Recently and just as soon as I was relieved to be back on track after starting a new medication, I fell back into depression about a month later. This is why bipolar disorder is so annoying, difficult and just painful, I wish I could smack it. Sometimes, we the lucky have to get our meds adjusted, and at the most inconvenient times I might add. Like right now, when I have bills due. (sigh) It just happens for no reason other than chemicals misfiring in my brain. Luckily, my doctor can fit me in at 7pm on a Tuesday, but it’s definitely better sooner rather than later.
Sometimes, you may see us at our absolute worse and we act perfectly fine around you which takes years of constant practice and discipline. I have learned to control how I act on the outside even though inside I am screaming and pissed off. It’s all about tackling the enemy in my head. It is exhausting.

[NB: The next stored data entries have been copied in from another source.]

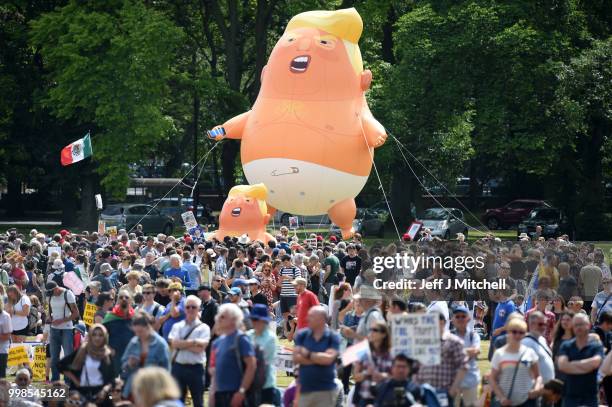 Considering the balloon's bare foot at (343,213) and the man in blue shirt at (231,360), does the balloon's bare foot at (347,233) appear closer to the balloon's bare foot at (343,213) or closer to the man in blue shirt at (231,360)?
the balloon's bare foot at (343,213)

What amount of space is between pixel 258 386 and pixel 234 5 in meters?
35.5

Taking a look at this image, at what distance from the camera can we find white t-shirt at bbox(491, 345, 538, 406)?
34.8 feet

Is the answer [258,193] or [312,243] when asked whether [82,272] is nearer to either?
[312,243]

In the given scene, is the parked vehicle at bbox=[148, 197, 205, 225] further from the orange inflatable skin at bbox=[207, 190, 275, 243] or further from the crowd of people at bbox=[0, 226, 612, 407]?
the crowd of people at bbox=[0, 226, 612, 407]

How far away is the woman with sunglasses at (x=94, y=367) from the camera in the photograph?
11.4m

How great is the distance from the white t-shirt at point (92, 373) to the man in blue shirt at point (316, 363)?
1976 mm

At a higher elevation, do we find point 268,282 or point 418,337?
point 268,282

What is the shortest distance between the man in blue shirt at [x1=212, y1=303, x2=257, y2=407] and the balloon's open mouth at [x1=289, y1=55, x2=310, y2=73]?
18.9m

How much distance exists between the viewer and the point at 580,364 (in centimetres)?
1120

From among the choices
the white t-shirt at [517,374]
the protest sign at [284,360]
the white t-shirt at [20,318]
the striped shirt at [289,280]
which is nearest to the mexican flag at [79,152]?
the striped shirt at [289,280]

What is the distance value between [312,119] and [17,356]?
14554 mm

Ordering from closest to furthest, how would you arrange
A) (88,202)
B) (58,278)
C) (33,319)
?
(58,278), (33,319), (88,202)

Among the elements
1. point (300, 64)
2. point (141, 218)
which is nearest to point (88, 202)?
point (141, 218)

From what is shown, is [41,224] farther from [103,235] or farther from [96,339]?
[96,339] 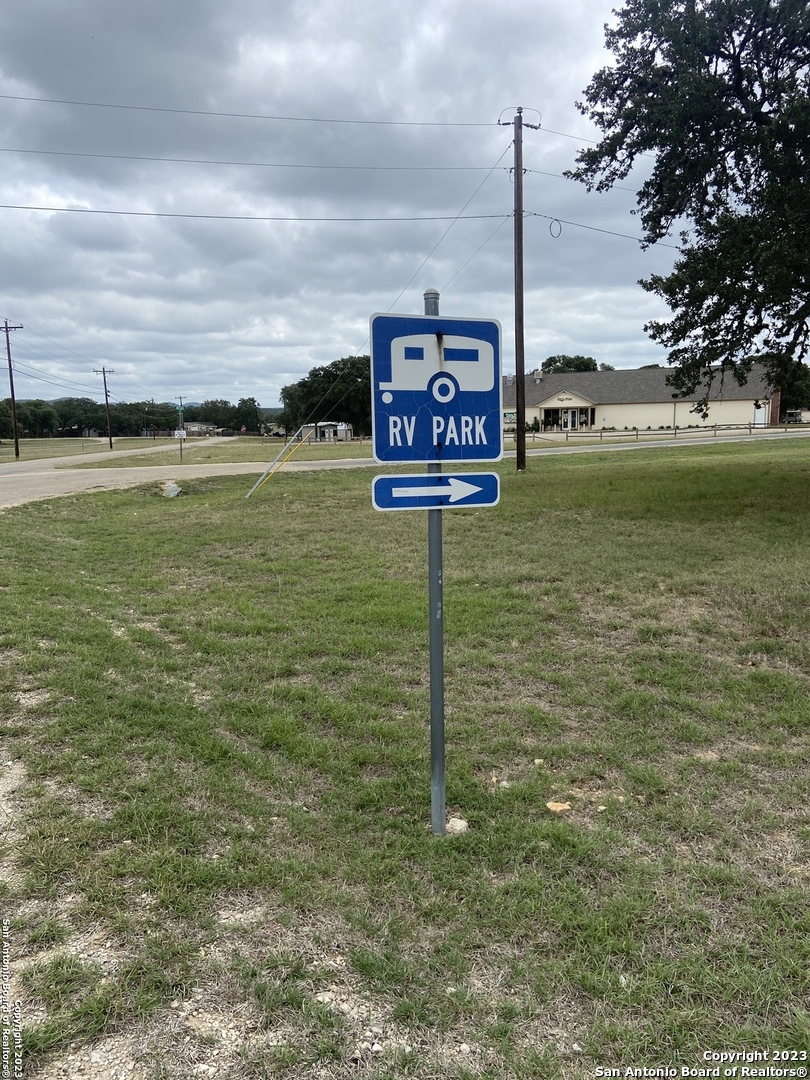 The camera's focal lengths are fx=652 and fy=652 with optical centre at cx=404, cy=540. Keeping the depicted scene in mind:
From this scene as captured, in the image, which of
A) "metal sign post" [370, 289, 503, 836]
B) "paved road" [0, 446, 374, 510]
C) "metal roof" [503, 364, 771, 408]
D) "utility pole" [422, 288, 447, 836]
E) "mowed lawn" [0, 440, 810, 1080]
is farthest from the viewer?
"metal roof" [503, 364, 771, 408]

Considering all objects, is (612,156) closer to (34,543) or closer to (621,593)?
(621,593)

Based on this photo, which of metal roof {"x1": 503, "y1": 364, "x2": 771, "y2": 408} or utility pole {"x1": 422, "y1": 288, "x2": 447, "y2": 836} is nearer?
utility pole {"x1": 422, "y1": 288, "x2": 447, "y2": 836}

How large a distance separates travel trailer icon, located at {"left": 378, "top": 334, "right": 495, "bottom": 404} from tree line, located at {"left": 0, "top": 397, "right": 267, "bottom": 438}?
99708mm

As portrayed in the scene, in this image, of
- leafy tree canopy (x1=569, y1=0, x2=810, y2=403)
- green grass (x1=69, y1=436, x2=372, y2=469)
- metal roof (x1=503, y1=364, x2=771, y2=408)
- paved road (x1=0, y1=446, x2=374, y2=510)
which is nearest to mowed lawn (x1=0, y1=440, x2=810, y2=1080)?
leafy tree canopy (x1=569, y1=0, x2=810, y2=403)

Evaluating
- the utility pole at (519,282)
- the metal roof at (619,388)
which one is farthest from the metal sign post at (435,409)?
the metal roof at (619,388)

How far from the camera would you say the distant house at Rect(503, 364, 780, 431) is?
204ft

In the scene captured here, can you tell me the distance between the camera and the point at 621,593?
20.9ft

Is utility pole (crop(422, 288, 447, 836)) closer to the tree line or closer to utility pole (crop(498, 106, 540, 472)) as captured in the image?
utility pole (crop(498, 106, 540, 472))

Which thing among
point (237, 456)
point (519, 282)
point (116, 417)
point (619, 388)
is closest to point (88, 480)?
point (519, 282)

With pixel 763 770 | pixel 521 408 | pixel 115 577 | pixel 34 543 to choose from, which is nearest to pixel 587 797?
pixel 763 770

There is no cure, only maintenance and self-care. My biggest crutch when I’m in depression is cigarettes, I need to just quit already. On a positive note, I love to write and listen to music and my support system is obviously amazing as well.
I must keep my brain occupied and my blood flowing or that’s when I fall hard. It’s gotten a lot easier to manage and it gets a little bit easier every time.
That’s if you know it’s coming which is rare.
It usually hits me like a truck.
But I never give up and neither should you!